Les embauches doivent commencer dès 2019. Les futurs bâtiments, forcément massifs pour accueillir des dizaines de milliers d'employés, seront construits le long de l'East River. «La venue d'Amazon met Long Island City sur la carte du monde ! s'enthousiasme Rick Rosa, un agent immobilier qui vit dans le quartier depuis la fin des années 90. LIC, il y a quinze ans, c'était une décharge industrielle», entre usines et raffineries de pétrole désaffectées. Le quartier est bordé à l'ouest par l'estuaire de Newtown Creek, qui charrie des eaux parmi les plus polluées du pays.
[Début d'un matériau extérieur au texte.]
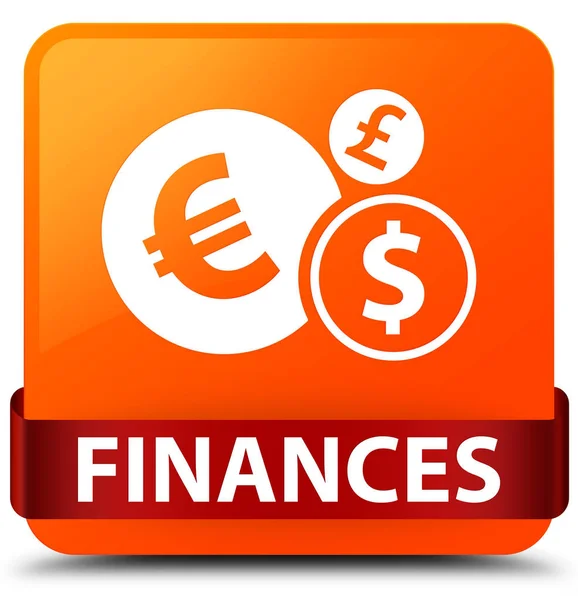 Фінанси (євро знак) помаранчева квадратна кнопка червона стрічка посередині — стокове фото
L'expansion urbaine de LIC, qui compte 80 000 habitants, soit 21 % de plus qu'il y a cinq ans, fait fi des eaux contaminées et des risques d'inondation élevés. Aujourd'hui, les anciens docks industriels sont classés monuments historiques, et les mouettes se prélassent sur des quais réaménagés. Ce mercredi matin glacial mais ensoleillé, on charge et décharge des gros camions, des élégants en costard croisent des ouvriers en combinaison grise. Des grues se hérissent au-dessus de garages antiques et de parkings, où dorment des taxis jaunes. «Les choses ont déjà beaucoup changé ces dernières années, mais Amazon catapulte LIC à un autre niveau», se félicite Rick Rosa, qui récite l'augmentation du prix du mètre carré.
«Exclus du processus»
Les autorités new-yorkaises n’ont pas lésiné sur les courbettes devant le roi Bezos. Outre la modification de leurs plans pour le réaménagement des quais, le déménagement d’un centre de distribution de repas scolaires et les autorisations pour l’hélipad de Jeff Bezos, elles ont généreusement accordé 1,7 milliard de dollars d’avantages fiscaux de l’Etat et des centaines de millions supplémentaires de la ville à l’entreprise. En tenant compte des aides directes et des engagements pris en matière d’installations et d’infrastructures, l’enveloppe totale à destination de la multinationale qui pèse déjà 50 % de l’e-commerce aux Etats-Unis pourrait atteindre 3 milliards de dollars.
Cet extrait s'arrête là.